On a critical but alternative measure, it is not clear that the current arguments for increases in GDP can continue to hold and what this means for future graduates under an alternative measure.
Good cognitive skills like reading and mathematics are essential for productive employment and further study and learning, especially given accelerating technological change. It is perhaps not surprising, therefore, that EU countries with large shares of functionally illiterate and innumerate 15 year-olds also have high rates of youth that are neither in employment, education or training (NEET). The simple message is that you will not succeed with poor basic cognitive skills in Europe’s labor market – not today and not in the future.
The following statement is very significant for those who really care about education of the poor. Our analysis shows that 15-year-olds from socio-economically disadvantaged background are disproportionately attending vocational schools and vocational secondary schools where quality is significantly below general secondary schools.
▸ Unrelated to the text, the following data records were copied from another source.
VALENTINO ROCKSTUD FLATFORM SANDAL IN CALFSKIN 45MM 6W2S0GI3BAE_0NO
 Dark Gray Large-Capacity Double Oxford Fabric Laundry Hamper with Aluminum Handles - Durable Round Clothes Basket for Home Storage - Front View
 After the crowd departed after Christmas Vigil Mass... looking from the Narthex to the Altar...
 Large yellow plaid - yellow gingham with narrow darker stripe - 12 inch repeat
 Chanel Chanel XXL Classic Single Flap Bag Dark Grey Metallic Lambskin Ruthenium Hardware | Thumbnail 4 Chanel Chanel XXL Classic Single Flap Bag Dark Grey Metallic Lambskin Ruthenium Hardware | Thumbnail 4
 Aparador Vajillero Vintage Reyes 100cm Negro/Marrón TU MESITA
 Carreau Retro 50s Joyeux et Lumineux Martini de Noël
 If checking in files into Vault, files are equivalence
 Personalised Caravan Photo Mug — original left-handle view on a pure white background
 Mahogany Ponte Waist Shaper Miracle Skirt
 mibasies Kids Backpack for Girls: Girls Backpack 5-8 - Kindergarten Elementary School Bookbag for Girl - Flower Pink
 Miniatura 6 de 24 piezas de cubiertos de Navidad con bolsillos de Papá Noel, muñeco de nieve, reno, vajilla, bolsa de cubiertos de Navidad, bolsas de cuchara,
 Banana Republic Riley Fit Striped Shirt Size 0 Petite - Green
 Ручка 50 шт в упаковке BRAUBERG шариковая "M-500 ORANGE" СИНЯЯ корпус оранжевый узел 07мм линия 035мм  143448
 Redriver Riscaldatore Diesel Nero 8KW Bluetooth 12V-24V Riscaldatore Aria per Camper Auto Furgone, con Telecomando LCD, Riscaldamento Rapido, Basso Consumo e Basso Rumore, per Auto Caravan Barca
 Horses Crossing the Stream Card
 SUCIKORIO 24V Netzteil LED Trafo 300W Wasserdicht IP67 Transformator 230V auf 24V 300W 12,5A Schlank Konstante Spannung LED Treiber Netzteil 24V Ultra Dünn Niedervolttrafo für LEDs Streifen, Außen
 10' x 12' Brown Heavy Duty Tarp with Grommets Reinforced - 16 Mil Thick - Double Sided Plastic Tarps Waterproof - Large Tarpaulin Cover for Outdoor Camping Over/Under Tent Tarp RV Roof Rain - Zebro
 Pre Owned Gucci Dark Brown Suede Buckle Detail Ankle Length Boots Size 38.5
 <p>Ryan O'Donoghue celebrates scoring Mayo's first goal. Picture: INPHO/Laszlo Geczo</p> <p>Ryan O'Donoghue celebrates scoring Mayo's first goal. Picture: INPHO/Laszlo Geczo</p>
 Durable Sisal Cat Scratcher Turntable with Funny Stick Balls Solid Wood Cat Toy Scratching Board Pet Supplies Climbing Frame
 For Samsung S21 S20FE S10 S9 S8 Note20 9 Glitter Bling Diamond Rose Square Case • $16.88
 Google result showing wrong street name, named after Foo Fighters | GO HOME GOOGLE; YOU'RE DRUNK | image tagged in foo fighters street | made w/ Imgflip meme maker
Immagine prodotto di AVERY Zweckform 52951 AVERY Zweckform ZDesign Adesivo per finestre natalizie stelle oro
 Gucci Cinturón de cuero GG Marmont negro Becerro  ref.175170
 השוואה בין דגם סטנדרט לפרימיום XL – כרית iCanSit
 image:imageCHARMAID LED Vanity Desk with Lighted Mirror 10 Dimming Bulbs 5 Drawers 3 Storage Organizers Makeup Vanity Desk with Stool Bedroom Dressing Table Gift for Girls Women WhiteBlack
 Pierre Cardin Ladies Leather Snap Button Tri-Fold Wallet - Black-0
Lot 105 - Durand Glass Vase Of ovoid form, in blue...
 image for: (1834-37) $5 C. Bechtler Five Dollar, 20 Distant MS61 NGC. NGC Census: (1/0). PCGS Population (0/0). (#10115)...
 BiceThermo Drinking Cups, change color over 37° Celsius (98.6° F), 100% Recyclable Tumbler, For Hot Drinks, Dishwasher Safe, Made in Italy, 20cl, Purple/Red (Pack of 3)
This statement represents the true state of education for the worlds poor. Whilst there are those who want to generalise from exceptions, the evidence tells us that we need to think very seriously about formulating a different intervention programme for children from poor backgrounds. The actual intervention should compensate for what has been lost through poverty. An careful analyses of the current state of poor youth in the world suggests that the some of the major international problems around refugees and wars relates directly to poor youth. We must stop messing around with people's lives and giving false hope eg. that poor school did very well why dont others do the same. With poverty comes very little or limited progress. Big companies and international donors who profit from the labour of the parents of the poor should invest in the children of the poor. There is enough resources around for all of us to benefit from. The 21st century of show and tell and lack of caring needs a turn around. We really need to think about programmes that can benefit poor children in the formative years. In this way we improve literacy and numeracy as well as the throughput rate of education systems. In the final analsyses if someone has a good education they are less likely to be unstable and manipulated by other forces
Our research suggest that several countries in Europe can and need to do more to ensure access to quality education to all students. This is critical to provide better opportunities to poor and disadvantaged students but also to preserve economic growth prospects in countries that are undergoing significant demographic decline and aging. Improving quality of education is a win-win.